As Philippe Gaubert graduated from the Paris Conservatoire in 1894 this technically brilliant but musically impoverished tradition was beginning to change. With his mentor Paul Taffanel in place as the Conservatoire’s flute professor, such names as Fauré and Enesco began to appear on the annual graduation pieces; Mozart, now considered indispensable in any flute audition, was first assigned in 1918.
Throughout his career Taffanel had gathered material for a comprehensive treatise covering the history, theory, and practice of the flute. Shortly before his death in 1908 he entrusted this archive to his favourite pupil, Gaubert, who in 1923 finally completed the project, publishing it as the Taffanel & Gaubert Méthode complète de flûte. In addition to the expected treatment of scales, arpeggios, articulation, and other technical topics, Gaubert included a generous selection of orchestral excerpts and a chapter on style, with detailed advice on the interpretation of such classics as the Adagio from Bach’s Sonata in B minor, and the Dance of the Blessed Spirits from Gluck’s Orpheus.
In a further effort to revive the baroque and classical flute repertoire Gaubert initiated in 1910 a series of transcriptions, with assistance from George Catherine in the preparation of piano accompaniments.
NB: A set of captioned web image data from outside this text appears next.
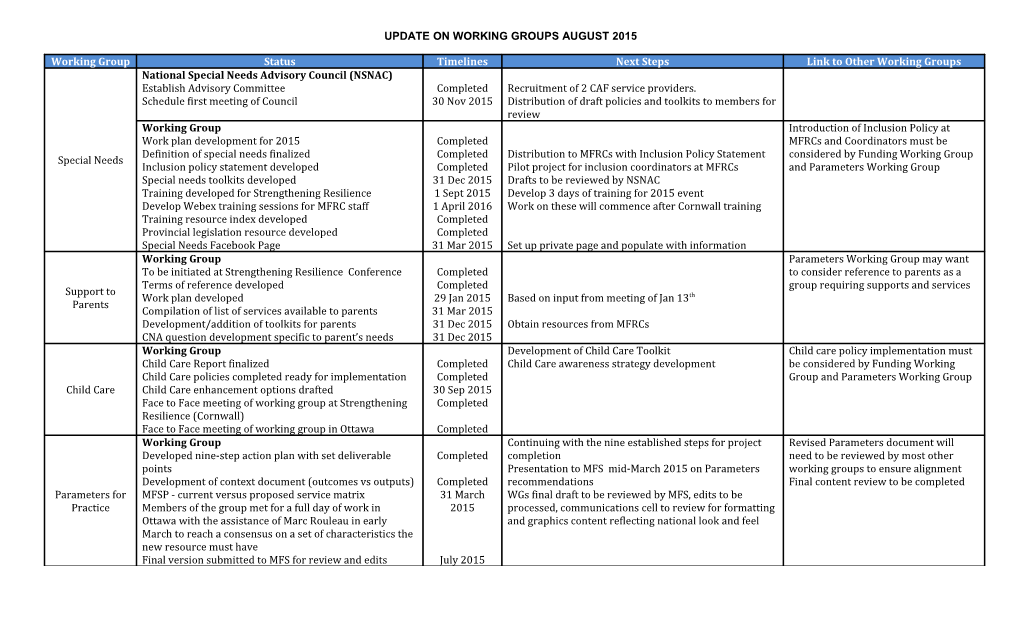 Update on Working Groupsaugust 2015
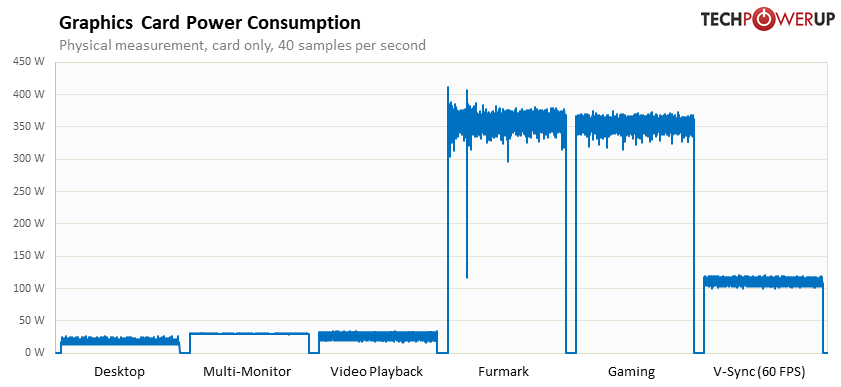 power-consumption.png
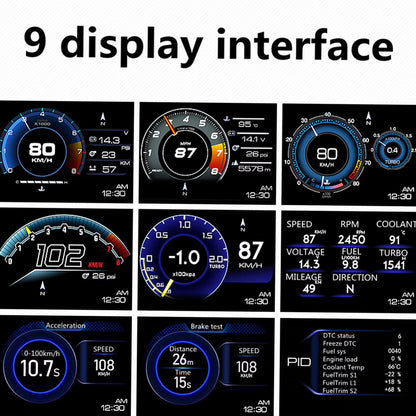 Car Head up Display, OBDⅡ + GPS Smart Gauge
As Gaubert became increasingly busy with his conducting commitments, noted flautists Marcel Moyse, Louis Fleury and Fernand Caratgé also contributed transcriptions to the series. In 1927 Leduc published the collection under the title Les Classiques de la flûte. Gaubert’s contribution to the project consisted of some thirty titles, including multiple selections by Gluck, Lully, Schumann, Chopin and others, and giving flautists ready access to a broad variety of musical styles.
Since it was not possible – or even desirable – to include all of Gaubert’s transcriptions in this recording project, we have chosen a single transcription to represent each composer. The dozen names will be familiar to most music-lovers, with the possible exception of André Campra, a leading figure in French theatrical and sacred music in the early eighteenth century, and André-Ernest-Modeste Grétry, who later in the same century was similarly influential in opéra comique. Two of the selections could use identification more specific than what Gaubert and Leduc provided: the Beethoven Mélodie is a lied entitled Zärtliche Liebe (Tender Love), and Handel’s Petite Marche exists in three versions, the most familiar of which is probably the third movement of the Trio Sonata, Op. 5 No. 2. Handel, an inveterate borrower and arranger of his own and others’ music, would surely not have been surprised to encounter a fourth version of this catchy and goodnatured tune.